“on croit qu’on peut imaginer…” (“ crediamo di poter immaginare…”)

N. Sinno

Queste pagine corrono come tristi tigri in una foresta primordiale quanto il bene e il male, sotto un cielo parallelo che riversa lacrime, le stesse, sull’agnello e sul suo carnefice. Qui Neige Sinno, prix femina 2023, sceglie di non restare sul rigo pulito della finzione, del possibile, del verosimile, ma si posiziona in quello della testimonianza: quello che è successo e basta, senza disclaimer, senza dover avvisarci che tutto ciò che sta raccontando è vero. Anzi il contrario. Tutto è comunque alterato, perché il ricordo di quello che è accaduto nell’infanzia è materia assolutamente compromessa. I nostri ricordi sono così precari, così esposti ad essere intaccati, screditati e svanire sotto il racconto degli altri. I suoi ricordi d’infanzia che la violenza ha contaminato, anzi ha divorato (“je n’ai presque pas de souvenirs de cette époque en dehors des scénes de viol”). I ricordi bisogna difenderli con le unghie. La parola della vittima contro quella del carnefice. Sapendo però che, se il suo abusatore non avesse ammesso i fatti, la sua parola contro quella della bambina abusata, nessuno le avrebbe creduto. Perché la verità non è neppure ciò che stabiliscono un processo ed una condanna a nove anni, di cui solo cinque scontati: sta davanti, è quello che il libro cerca di raggiungere o solo sfiorare.

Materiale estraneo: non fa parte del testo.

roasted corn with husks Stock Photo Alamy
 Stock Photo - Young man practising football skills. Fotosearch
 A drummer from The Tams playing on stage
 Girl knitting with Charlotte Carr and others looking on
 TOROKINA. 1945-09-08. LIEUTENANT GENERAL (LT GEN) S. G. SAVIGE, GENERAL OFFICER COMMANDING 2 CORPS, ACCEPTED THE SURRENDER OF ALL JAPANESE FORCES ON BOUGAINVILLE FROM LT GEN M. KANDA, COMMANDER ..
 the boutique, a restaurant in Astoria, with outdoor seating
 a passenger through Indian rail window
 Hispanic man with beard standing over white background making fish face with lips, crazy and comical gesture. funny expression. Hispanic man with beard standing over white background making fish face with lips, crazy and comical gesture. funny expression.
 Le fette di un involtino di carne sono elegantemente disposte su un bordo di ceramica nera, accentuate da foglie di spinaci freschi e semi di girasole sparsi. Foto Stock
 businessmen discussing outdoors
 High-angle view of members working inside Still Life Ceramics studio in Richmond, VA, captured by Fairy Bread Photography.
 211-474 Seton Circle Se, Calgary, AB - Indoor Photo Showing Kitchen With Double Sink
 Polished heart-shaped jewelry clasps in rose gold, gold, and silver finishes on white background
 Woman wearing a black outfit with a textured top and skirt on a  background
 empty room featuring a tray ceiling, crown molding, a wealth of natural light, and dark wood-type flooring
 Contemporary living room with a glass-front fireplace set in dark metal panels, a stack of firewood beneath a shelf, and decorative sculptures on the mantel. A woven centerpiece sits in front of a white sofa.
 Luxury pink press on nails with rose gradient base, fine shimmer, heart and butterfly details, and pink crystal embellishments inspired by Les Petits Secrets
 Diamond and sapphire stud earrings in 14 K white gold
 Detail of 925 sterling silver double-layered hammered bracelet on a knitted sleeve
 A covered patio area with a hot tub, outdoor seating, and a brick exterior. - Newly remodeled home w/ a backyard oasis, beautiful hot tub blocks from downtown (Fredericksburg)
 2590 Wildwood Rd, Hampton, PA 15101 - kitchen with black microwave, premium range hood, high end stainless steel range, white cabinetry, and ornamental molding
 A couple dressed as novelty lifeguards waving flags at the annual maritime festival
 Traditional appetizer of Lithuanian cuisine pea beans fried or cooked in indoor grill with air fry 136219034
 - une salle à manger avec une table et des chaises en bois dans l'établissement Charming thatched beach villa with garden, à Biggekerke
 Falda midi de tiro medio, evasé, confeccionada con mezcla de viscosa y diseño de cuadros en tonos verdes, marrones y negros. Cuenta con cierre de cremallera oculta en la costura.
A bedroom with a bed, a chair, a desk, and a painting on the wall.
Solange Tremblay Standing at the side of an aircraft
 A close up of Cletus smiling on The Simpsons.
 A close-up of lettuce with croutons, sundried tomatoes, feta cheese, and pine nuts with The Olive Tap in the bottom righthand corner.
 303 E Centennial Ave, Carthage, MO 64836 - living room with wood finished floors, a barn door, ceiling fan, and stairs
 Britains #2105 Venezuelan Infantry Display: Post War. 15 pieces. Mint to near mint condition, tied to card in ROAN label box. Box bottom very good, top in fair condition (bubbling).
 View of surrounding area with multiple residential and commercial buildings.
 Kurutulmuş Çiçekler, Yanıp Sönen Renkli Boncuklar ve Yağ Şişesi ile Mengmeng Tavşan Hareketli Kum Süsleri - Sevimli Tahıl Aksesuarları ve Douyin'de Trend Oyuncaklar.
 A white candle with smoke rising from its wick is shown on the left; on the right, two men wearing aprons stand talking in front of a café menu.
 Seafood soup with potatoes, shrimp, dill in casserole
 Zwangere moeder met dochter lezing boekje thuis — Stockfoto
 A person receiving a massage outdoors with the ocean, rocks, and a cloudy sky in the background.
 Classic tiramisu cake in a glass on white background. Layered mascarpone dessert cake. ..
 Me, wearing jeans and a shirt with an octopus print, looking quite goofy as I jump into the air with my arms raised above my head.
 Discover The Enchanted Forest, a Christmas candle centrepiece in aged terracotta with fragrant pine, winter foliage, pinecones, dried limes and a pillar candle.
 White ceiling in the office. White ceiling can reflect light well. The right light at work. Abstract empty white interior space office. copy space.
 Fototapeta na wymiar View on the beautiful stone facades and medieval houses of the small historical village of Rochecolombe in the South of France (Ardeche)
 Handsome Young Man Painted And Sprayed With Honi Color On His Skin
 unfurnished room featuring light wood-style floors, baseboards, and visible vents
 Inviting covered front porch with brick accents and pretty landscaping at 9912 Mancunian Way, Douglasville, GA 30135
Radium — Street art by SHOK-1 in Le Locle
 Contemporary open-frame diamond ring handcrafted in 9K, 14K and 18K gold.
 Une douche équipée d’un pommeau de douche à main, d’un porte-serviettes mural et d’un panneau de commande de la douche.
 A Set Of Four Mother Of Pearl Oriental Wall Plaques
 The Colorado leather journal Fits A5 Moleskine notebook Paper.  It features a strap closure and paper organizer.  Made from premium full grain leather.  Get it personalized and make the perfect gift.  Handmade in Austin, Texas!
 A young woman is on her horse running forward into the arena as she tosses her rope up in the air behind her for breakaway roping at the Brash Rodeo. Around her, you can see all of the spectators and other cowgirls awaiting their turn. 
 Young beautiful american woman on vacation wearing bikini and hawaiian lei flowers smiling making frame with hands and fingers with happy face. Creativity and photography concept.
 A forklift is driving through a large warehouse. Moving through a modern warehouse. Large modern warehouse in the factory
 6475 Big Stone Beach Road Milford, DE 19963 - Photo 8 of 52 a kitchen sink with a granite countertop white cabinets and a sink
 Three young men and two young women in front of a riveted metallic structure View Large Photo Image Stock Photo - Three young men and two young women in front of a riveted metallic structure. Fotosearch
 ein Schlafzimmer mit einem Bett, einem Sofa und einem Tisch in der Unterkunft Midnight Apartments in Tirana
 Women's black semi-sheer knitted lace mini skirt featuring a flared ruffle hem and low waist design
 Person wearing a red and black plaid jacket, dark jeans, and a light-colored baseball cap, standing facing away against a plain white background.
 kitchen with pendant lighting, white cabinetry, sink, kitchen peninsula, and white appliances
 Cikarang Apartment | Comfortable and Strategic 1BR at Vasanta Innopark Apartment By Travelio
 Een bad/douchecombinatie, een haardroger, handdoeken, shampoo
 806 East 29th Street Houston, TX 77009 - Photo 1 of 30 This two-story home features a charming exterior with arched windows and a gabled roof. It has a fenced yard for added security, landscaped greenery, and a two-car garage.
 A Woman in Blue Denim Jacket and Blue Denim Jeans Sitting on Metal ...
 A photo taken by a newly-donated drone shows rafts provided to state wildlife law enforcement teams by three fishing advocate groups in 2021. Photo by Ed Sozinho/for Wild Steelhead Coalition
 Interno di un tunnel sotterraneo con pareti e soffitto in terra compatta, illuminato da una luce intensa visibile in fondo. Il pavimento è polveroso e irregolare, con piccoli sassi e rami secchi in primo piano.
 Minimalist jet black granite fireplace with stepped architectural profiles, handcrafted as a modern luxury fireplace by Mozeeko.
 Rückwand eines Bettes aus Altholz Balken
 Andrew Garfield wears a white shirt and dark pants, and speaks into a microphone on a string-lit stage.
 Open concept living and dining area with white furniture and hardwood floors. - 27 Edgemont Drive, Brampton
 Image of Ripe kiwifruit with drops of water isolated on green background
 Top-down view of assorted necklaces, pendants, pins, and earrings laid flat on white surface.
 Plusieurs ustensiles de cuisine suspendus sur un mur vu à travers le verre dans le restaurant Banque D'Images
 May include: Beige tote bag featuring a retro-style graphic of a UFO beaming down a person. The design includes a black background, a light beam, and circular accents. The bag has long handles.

Sinno ci avvisa: tutto questo non è neppure una confessione. Non c’è diario intimo perché lui l’ha sbirciato, l’ha letto con fruizione, e lei l’ha distrutto, ne ha fatto un gran fuoco, era inverno in quella casa sulle alpi francesi che non hanno mai finito di costruire, per sottrarsi a lui, dissociarsi, restare fuori della sua portata. Per essere inaccessibile nonostante tutto, nonostante lui, il patrigno, fosse entrato a forza in tutti gli orifici.

“Mon espace à moi n’est pas dans ces lignes, il n’existe qu’au-dedans”. Questo libro ibrido c’è, esiste, ma solo come una specie di eco dello spazio che sta dentro, dell’io-intimo. “Questo libro non serve a niente”.

Non c’è trasmissione televisiva in cui oramai non ci si sforzi di capire o forse solo voler raccontare la violenza contro le donne con un certo sadismo nei dettagli più sordidi, non c’è post in cui non ci si schieri a favore o contro. A sovrapporre alla scena del crimine, la normalità (un ragazzo normale, un bravo ragazzo, un buon padre di famiglia per il resto), a voler pulire la scena perché abbiamo un disperato bisogno di quella “normalità”. A farci la domanda sbagliata: cosa ha a che fare il torturatore con chi “era” prima, con quei ritratti di famiglia che pure esistono in cui tutto sembra così normale, una famiglia come altre? Ma quelle foto non vogliono dire proprio niente: perché solo lei, Sinno, sa che quella foto, quel giorno nessuno aveva voglia di farsela scattare, nessuno aveva voglia di sorridere, eccetto lui. Qui i fatti e i particolari raccapriccianti vengono dopo, se proprio lì volete sentire, rilasciati con un pudore meraviglioso. Il crimine non è l’aberrazione rispetto a tutto il resto, alla vita normale ma è il resto dell’esistenza, quella normale, la vera aberrazione. “Il n’y a rien à voir, puisque ce qu’on cherche à voir n’est pas de l’ordre du visible”.

Neige Sinno prova a raccontare quello che resta dopo la violenza, nel suo caso abuso infantile, dopo il corpo, quando il corpo resta. Ma cosa resta?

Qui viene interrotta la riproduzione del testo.